Start of Block

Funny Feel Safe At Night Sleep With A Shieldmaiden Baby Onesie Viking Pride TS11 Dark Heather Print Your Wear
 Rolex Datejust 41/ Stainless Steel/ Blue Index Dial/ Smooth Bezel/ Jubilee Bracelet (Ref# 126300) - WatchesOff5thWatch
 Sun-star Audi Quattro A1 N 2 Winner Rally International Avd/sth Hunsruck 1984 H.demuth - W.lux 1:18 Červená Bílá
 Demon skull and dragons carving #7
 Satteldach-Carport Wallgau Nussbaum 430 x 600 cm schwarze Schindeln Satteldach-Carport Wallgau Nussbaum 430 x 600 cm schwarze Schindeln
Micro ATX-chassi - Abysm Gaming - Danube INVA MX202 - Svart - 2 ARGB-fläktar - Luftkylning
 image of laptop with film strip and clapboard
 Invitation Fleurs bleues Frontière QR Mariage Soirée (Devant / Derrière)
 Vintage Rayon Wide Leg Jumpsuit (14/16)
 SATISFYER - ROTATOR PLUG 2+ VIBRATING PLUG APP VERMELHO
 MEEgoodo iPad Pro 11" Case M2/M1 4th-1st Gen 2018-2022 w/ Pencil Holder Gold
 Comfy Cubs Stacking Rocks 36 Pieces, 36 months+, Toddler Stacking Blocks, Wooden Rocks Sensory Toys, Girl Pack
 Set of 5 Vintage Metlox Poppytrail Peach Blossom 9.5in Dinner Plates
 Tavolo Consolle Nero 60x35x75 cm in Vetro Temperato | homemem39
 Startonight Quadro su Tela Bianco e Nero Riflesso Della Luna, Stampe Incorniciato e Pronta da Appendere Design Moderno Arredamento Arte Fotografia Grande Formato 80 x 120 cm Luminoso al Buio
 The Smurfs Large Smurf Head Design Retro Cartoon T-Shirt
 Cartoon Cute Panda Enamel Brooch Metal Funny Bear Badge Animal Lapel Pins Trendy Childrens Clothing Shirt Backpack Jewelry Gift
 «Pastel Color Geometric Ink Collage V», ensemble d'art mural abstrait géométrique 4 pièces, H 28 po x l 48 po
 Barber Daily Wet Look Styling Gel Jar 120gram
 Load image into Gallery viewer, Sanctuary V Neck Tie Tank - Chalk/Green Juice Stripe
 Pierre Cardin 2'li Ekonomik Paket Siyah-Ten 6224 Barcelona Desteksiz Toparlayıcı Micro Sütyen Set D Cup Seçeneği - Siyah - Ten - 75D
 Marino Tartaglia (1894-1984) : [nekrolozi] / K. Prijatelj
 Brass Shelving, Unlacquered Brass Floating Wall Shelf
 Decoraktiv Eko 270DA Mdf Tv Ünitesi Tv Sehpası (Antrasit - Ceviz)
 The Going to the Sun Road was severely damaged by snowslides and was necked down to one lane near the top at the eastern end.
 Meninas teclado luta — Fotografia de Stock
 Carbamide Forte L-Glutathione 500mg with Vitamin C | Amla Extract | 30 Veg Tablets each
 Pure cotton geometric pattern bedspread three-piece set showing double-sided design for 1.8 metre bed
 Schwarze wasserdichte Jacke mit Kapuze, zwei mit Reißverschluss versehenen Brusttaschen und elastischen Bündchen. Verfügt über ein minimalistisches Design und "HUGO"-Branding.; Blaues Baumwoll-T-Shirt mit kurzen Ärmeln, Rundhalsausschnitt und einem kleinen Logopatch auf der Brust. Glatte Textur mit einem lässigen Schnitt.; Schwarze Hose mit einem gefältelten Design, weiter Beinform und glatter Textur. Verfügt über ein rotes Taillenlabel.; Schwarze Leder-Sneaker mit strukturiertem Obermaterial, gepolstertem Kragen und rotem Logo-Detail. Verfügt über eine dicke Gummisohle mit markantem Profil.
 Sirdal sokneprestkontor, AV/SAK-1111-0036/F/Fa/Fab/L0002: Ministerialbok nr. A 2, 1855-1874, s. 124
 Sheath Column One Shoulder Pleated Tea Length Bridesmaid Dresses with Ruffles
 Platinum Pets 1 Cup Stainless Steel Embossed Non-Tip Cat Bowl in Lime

End of Block

→ **TASK DIRECTIONS**:
Above are the lines; repeat exactly the ones from the line containing "Tavolo Consolle Nero" down to the line containing "Decoraktiv Eko 270DA", both inclusive.

→ **WRITTEN RESPONSE**:
 Tavolo Consolle Nero 60x35x75 cm in Vetro Temperato | homemem39
 Startonight Quadro su Tela Bianco e Nero Riflesso Della Luna, Stampe Incorniciato e Pronta da Appendere Design Moderno Arredamento Arte Fotografia Grande Formato 80 x 120 cm Luminoso al Buio
 The Smurfs Large Smurf Head Design Retro Cartoon T-Shirt
 Cartoon Cute Panda Enamel Brooch Metal Funny Bear Badge Animal Lapel Pins Trendy Childrens Clothing Shirt Backpack Jewelry Gift
 «Pastel Color Geometric Ink Collage V», ensemble d'art mural abstrait géométrique 4 pièces, H 28 po x l 48 po
 Barber Daily Wet Look Styling Gel Jar 120gram
 Load image into Gallery viewer, Sanctuary V Neck Tie Tank - Chalk/Green Juice Stripe
 Pierre Cardin 2'li Ekonomik Paket Siyah-Ten 6224 Barcelona Desteksiz Toparlayıcı Micro Sütyen Set D Cup Seçeneği - Siyah - Ten - 75D
 Marino Tartaglia (1894-1984) : [nekrolozi] / K. Prijatelj
 Brass Shelving, Unlacquered Brass Floating Wall Shelf
 Decoraktiv Eko 270DA Mdf Tv Ünitesi Tv Sehpası (Antrasit - Ceviz)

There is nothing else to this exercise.